Exercise: Before printing, remove every picture; then print the lines below exactly, from the first line through the line containing "To unhide the".

Records provided:

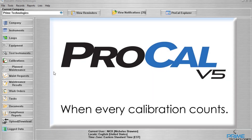The Field Calibrator Utility allows the user to download one or more items as tasks into a documenting process calibrator, such as a Fluke 754, while overwriting that calibrator's current list of tags. The user can then take that calibrator out into the field to perform their work and then upload their calibration results into ProCal V5 as calibration records.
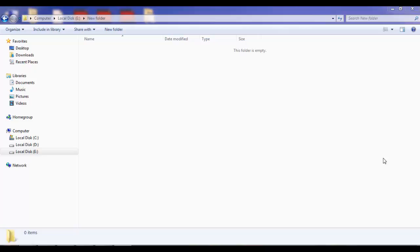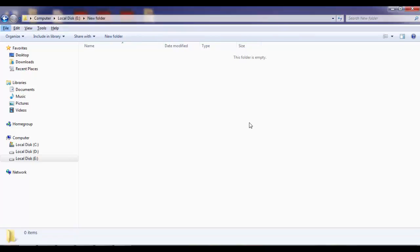To unhide the folder, you have to press Alt button on the keyboard. Once you press the Alt key, you will see a few options appear such as File, Edit, View, Tools, and Help.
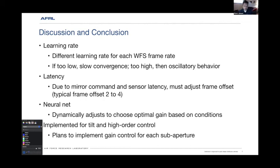We've implemented this for tilt and high order control, but right now we use the same gain command for all sub-apertures. You might get different beacon elongation for different sub-apertures, especially ones farther from the launch — we are side-launched on our telescope. We plan to implement per-sub-aperture gain in the coming year. To do that, we need to update our RTC, which we're building now. It will be installed on the system that Mala McKean briefed yesterday. We're going to try this out on a one-meter telescope first, which will serve as our test bed before deploying to our larger telescopes.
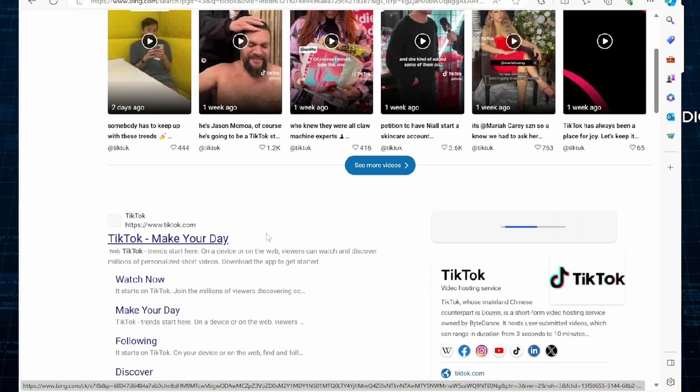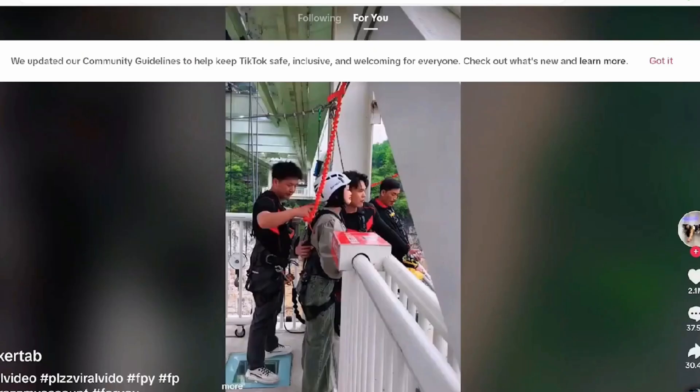Now, another way you could use your TikTok in your school Chromebook is by simply going onto the search bar and typing TikTok. As you do so, you will see TikTok make your day. Simply click onto it and there you can see a lot of videos from TikTok.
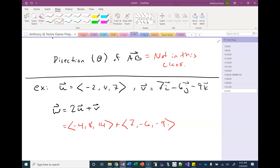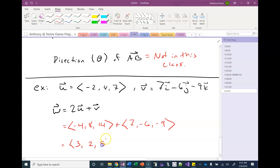To add two vectors in two dimensions, we added the x's and added the y's. In three dimensions, we're going to add the x's, the y's, and then the z's.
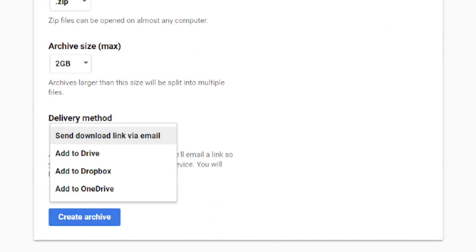I select the delivery method of email. You can add these delivered to all these others, but I just want to be notified via email when it's ready. Click create archive button.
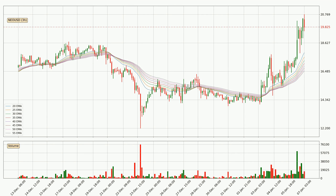Looking at the three hourly exponential moving averages, at the moment the price is above the three hourly ribbon, which can be perceived as bullish and the ribbon could play as a support. This means that you should watch if the price could bounce off the ribbon. The current price to watch is around 16.5. The support should be relatively strong seeing as the ribbon is spread out.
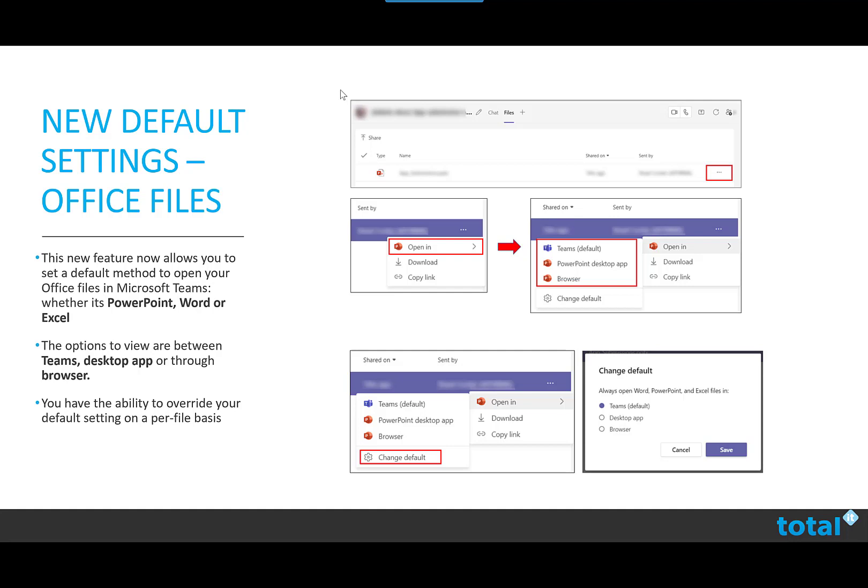To change this default setting, you'll need to go to your profile picture, select your settings, select general on the left, scroll to the bottom of the general section to files and then there should be a drop down menu where you can choose between Teams, desktop app and browser.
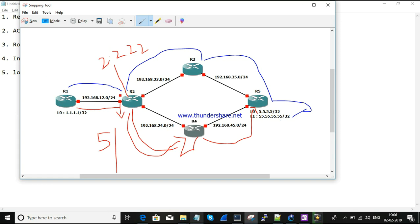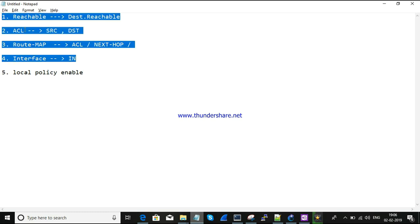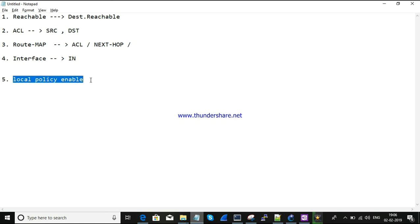We configure policy-based routing on the interface as inbound, since PBR applies to incoming traffic. Additionally, by default the router does not check locally originated information for PBR. If you want the router to also consider locally originated traffic, you need to enable a local policy, which tells the router to also apply PBR to its own locally originated routes.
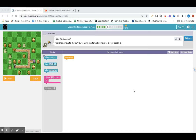Let's take a look at Lesson 8, Nested Loops and Maze, section number 6. We've got zombies now. Zombie hungry. Get the zombie to the sunflower using the fewest number of blocks possible. They have repeat loops, which we've been using, and we have only one move forward block.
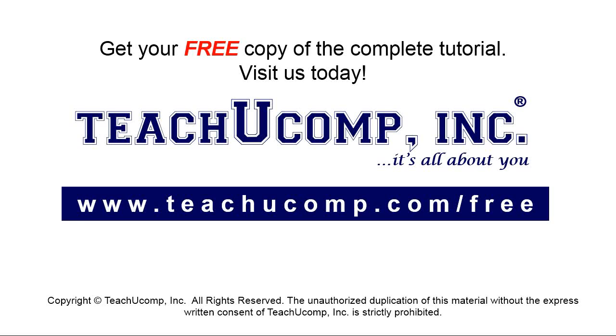Get your free copy of the complete tutorial at www.teachyoucomp.com/free.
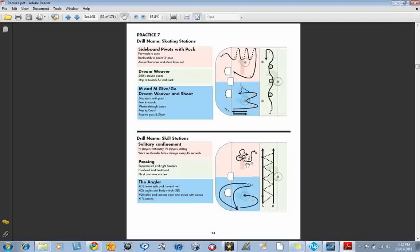Down here in the skill station, some stick handling in chaos, some give-and-go passing, and some angling.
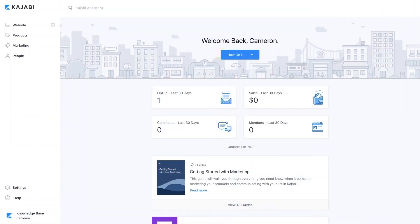Have a group of videos you need to upload to a product? No problem. Use the bulk video uploader in Kajabi to select up to 20 videos to add to the upload queue at the same time. Your videos will begin processing and will be uploaded to their own category automatically created by Kajabi.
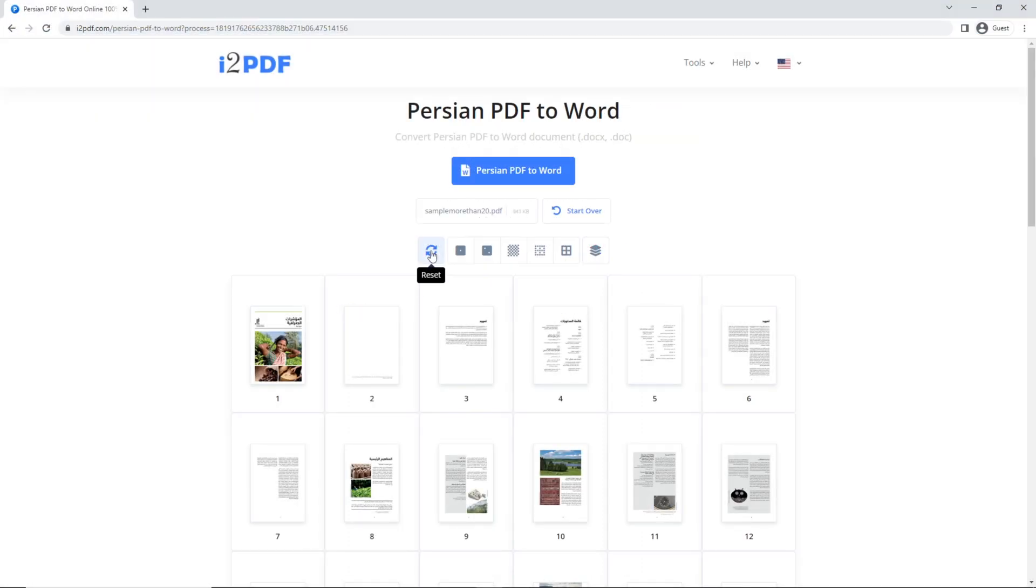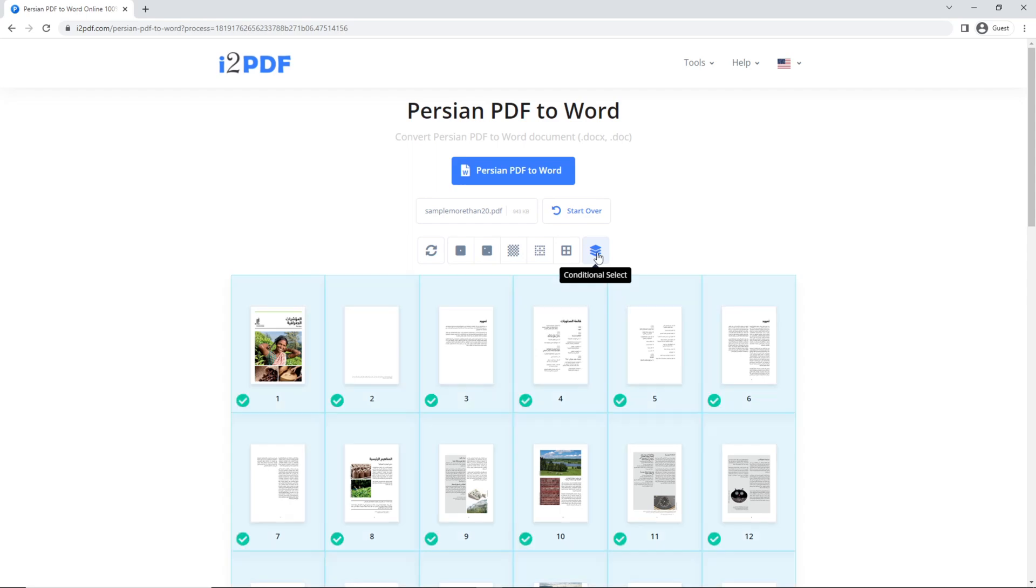In case of a large file, this tool can convert up to 20 pages at a time. To select the first 20 pages, just click on this button.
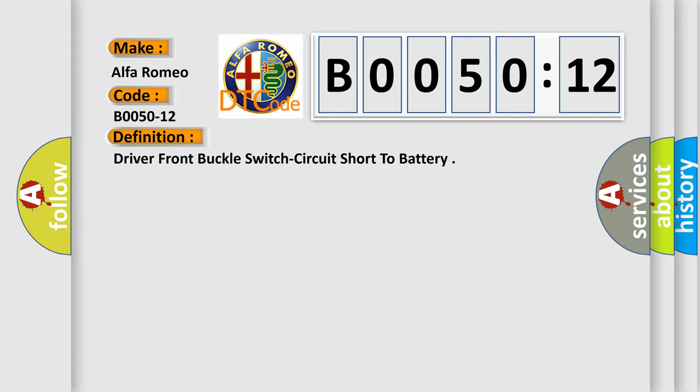The basic definition is: Driver front buckle switch circuit short to battery.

Your solution:
The Field Calibrator Utility allows the user to download one or more items as tasks into a documenting process calibrator, such as a Fluke 754, while overwriting that calibrator's current list of tags. The user can then take that calibrator out into the field to perform their work and then upload their calibration results into ProCal V5 as calibration records.
To unhide the folder, you have to press Alt button on the keyboard. Once you press the Alt key, you will see a few options appear such as File, Edit, View, Tools, and Help.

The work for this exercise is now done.